I have helped thousands of consumers get their lemon automobiles bought back by manufacturers. Those “lemons” were defective after four or more failed repair attempts – although some had fewer repair attempts but spent more than 30 days in the shop in their first year of ownership. If the cars had been repaired, the manufacturers would not have had to buy them back.
What kinds of things have I seen? Cars that have stumped mechanics at several dealers AND technicians sent from the manufacturer. I’ve had factory reps tell me that the cars can’t be fixed, and they work for the other side. I’ve seen cars where technicians told the owner, “We can’t fix it.” I’ve seen dealers throw their hands up on a brand new car – before the buyer had it a week – and tell the owner, “Call an attorney and get it bought back.”
The notion that a car cannot be repaired seems impossible to some. If the car was designed and assembled by humans, shouldn’t humans be able to figure out what ails it? The biggest factor driving this is that cars have become so complex. Gone are the days where the only wires under the hood went to the distributor or the battery. Now, most cars contain more computing power than 1960s NASA had at its disposal. And all it takes is one or two of the control modules under the hood to go wonky before the resultant problems start confusing the technicians.
Couldn’t mechanics just start replacing stuff under the hood and eventually solve the underlying problem? In theory, that would fix some of the problems out there. But the law only gives them 3 or 4 chances before the lemon law kicks in. Some companies will try this – and fail. Witness the recent problems with Ford’s dual clutch transmission. On the first repair the transmission is reflashed. On the second, some internal parts are replaced. On the third, the whole thing may be rebuilt. On the fourth they often tell the consumer nothing more can be done if the transmission is still acting up. And it often is.

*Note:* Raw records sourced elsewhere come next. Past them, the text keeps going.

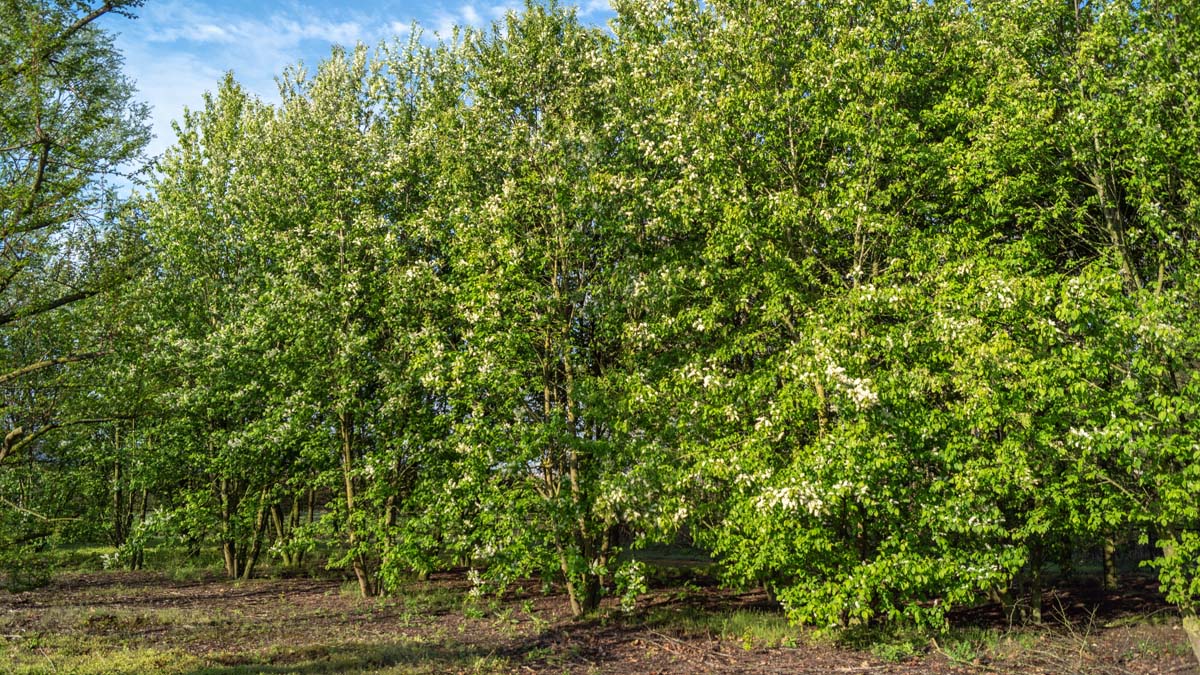 Prunus padus meerstammig / struik meerstammig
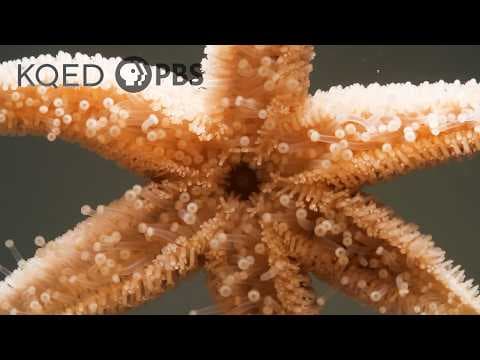 Baby six-rayed sea stars get months of rare motherly care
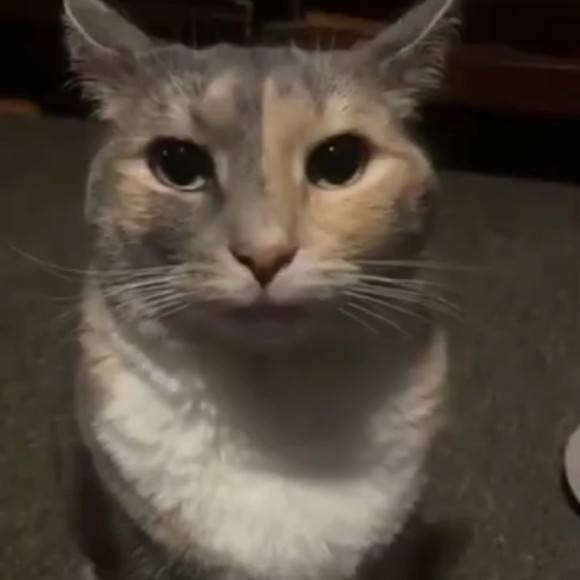 meowyymix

One other obstacle to repairing the terminally defective cars is that the cost of doing so might be prohibitive even if it were possible. I had a client whose car suffered from engine failure seven times. Each time the manufacturer replaced the engine without figuring out what was causing the failures. The car itself was not that expensive to begin with so I suspect the cumulative cost of the seven replacement engines and the cost of swapping them was probably approaching the value of the car. At what point does it become cheaper to simply replace the car completely rather than try to rebuild it piecemeal?
I have also represented the same vehicle twice. For two different owners. Owner one bought it new and it suffered from an unfixable malady. The manufacturer bought it back and sold it at auction. The second owner bought it from the dealer who bought it at auction and it immediately suffered from the same problem. After a few more failed repair attempts that owner ed the first owner out of frustration – who told them to call me. The vehicle was then repurchased a second time. And this was after eight or nine total repair attempts for the same problem.
I assure you: That particular vehicle cost its manufacturer way too much to have earned it any money. If anyone could have fixed it, they would have. It was merely one of the unfixable vehicles that exist.